Sebastian's Google Doc: https://docs.google.com/document/d/1jYVwDnf-AvUNuOHLNkvvnQJtaYoXqACCSl_QRhdwqls

Outline

This session will survey some of the techniques available for structuring data and finding information in data that has been structured by others. Formal data structures in computing will be introduced, and we will relate these to some of the data formats and encodings found in use today in the field of ancient studies, including:

  • Comma-Separated Values (CSV)
  • JavaScript Object Notation (JSON) and its specializations GeoJSON and JSON-LD
  • Extensible Markup Language (XML) and its use in the Text Encoding Initiative (TEI) and EpiDoc encodings.

We will also address query and data-manipulation languages suited to these formats, including:

  • Regular Expressions (regexes): for text of various kinds
  • XPATH: for XML
  • SQL: for tabular data, such as that found in CSV
  • Python dictionaries and JavaScript associative arrays

Required reading

Further readings

Practical exercises

1. Querying

Edit the SPARQL queries on the Nomisma.org website to query numismatic data.
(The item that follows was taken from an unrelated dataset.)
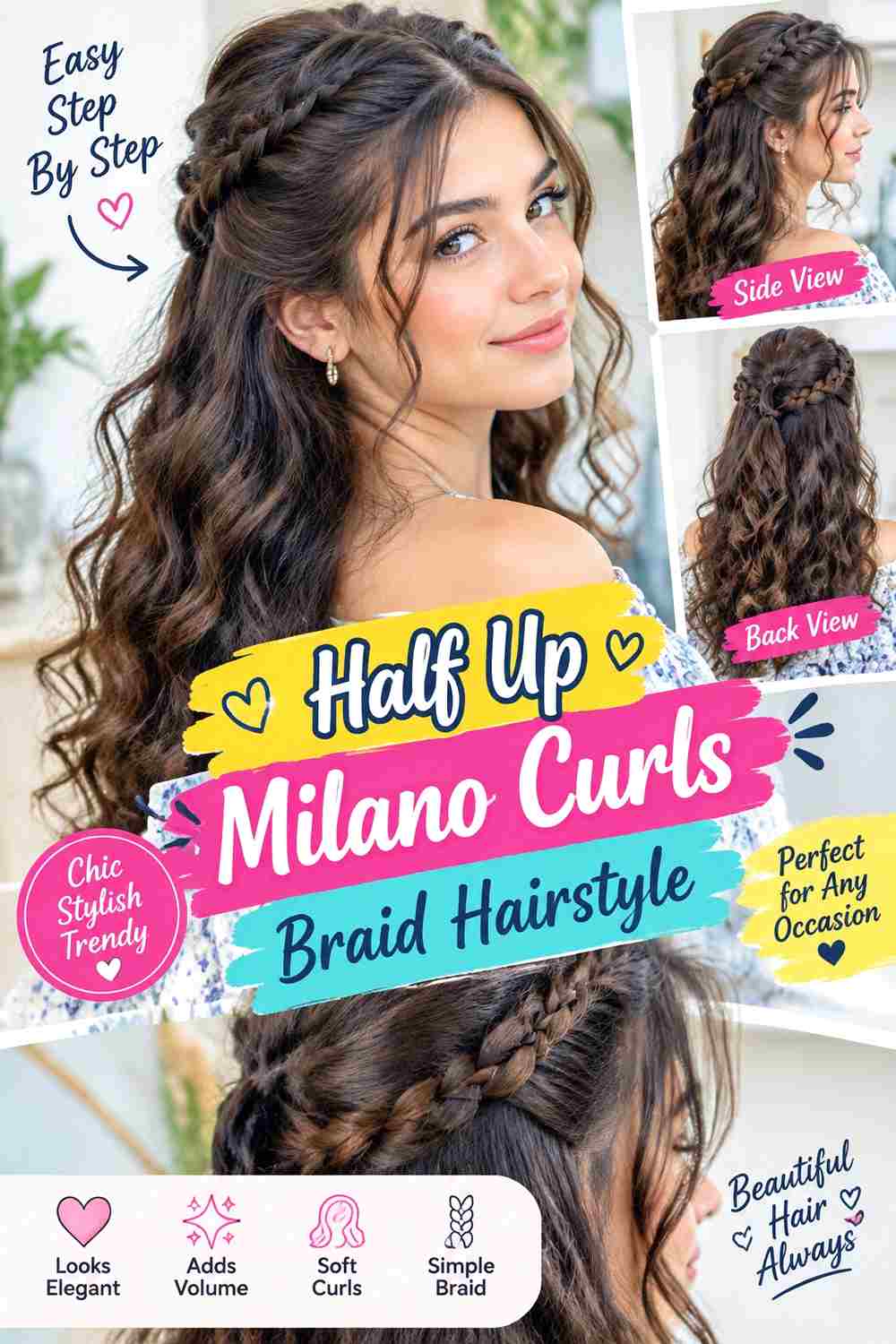 Half Up Milano Curls Braid Hairstyle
Discuss the historical questions you can ask with these queries. How can you use the results of these queries in further processing or visualizations?

2. Regular expressions

Select and download a copy of an ancient text in English translation (e.g., via Perseus or another online textual source). Use a regular-expression-capable text editor or command-line tool to identify and extract all of the words in the text that begin with a capital letter. Arrange these words into a list, and then manually determine (with reference back to the text) which are proper nouns. Save these proper nouns in CSV format for use in additional processing.